Note the scoring for folding the spider:
Rather than cutting out the entire spider and trying to fold up its spindly legs without accidents, the paper is cut away a bit at a time during the folding to provide something to grip, and make proper alignment easier.
Cut away the Vees of two opposing halves as shown:
Glue the first doubling fold, using the Vees to aid alignment:
Do the same for the other halves:
Cut away the last two remaining Vees and fold and glue:
At this point let the spider cure several minutes until the glue is really dry, otherwise the final trimming might pull the legs asunder.
When dry, cut away the last of the waste, then trim the legs thinner and with a little taper. The spider is printed thick in order to provide something to hang onto during the gluing - but it needs to be thin enough to slide into the propellor blades when finally trimmed (the little bugger is quite a bit smaller than an inch across, so this trimming is a bit of a delicate exercise):
Now glue the first blade onto the spider, and take care on two points:
1. Don't run the blade clear down the leg - leave enough clearance for the root collars of the other blades.
2. Give the blade some pitch relative to the spider (look down the length of the blade from the tip to set the pitch.
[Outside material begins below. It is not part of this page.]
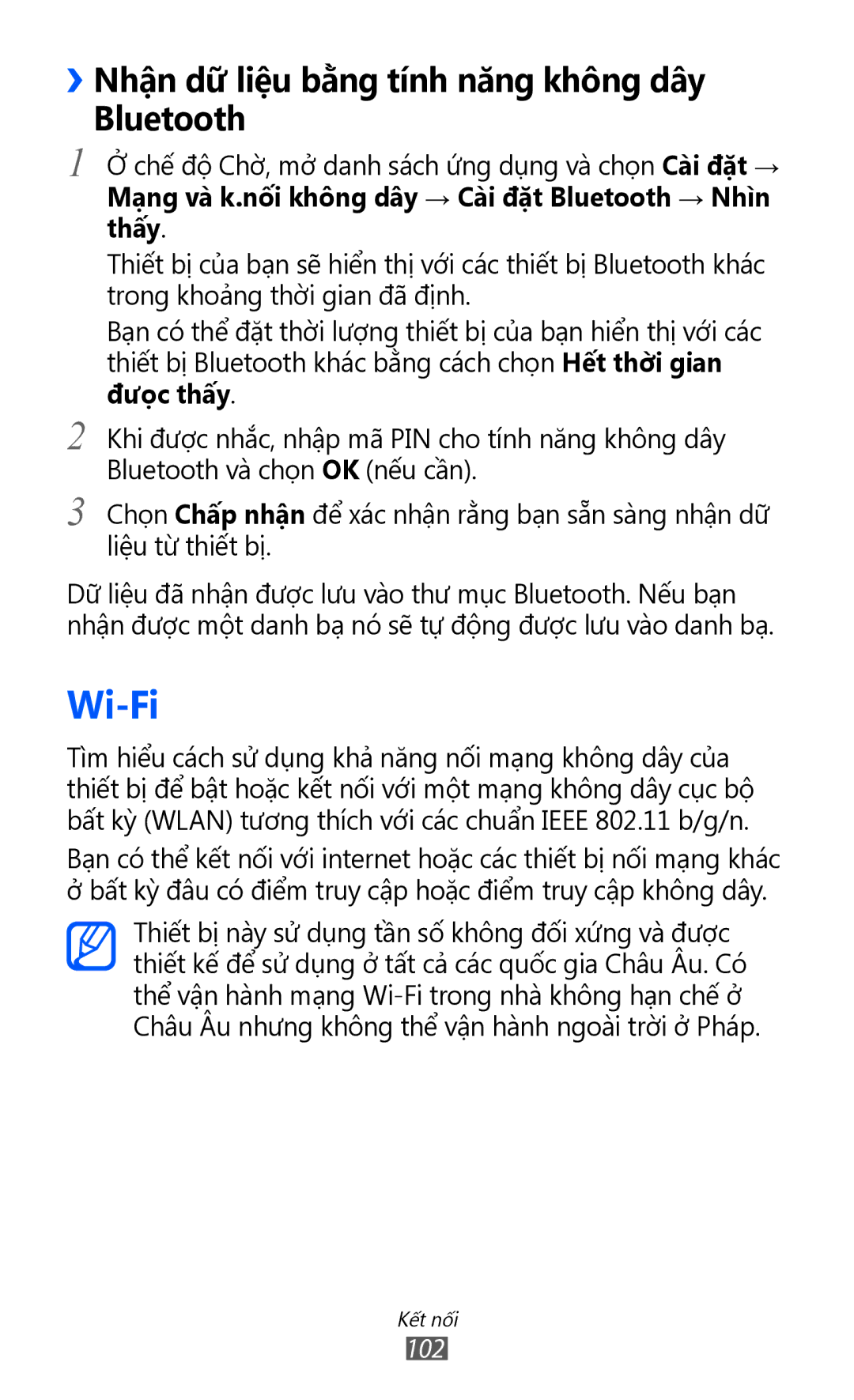 Samsung GT-I8160ZWAXXV, GT-I8160OKAXEV, GT-I8160OKAXXV manual Wi-Fi, ››Nhận dữ̃ liệu bằng tính năng không dây Bluetooth 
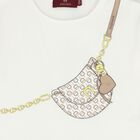 Younger Girls Ivory Bag Logo T-Shirt, 1, hi-res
About 20 degrees works well.
Let this assembly dry before moving on to the other blades.
When the other blades have been properly attached with their pitch set, your prop is finally down to one piece and looking more real with every step.
While I don't show it in the assembly photos, right now is the perfect time to glue a sewing pin through the center as a propshaft, if you want to have a spinning propellor.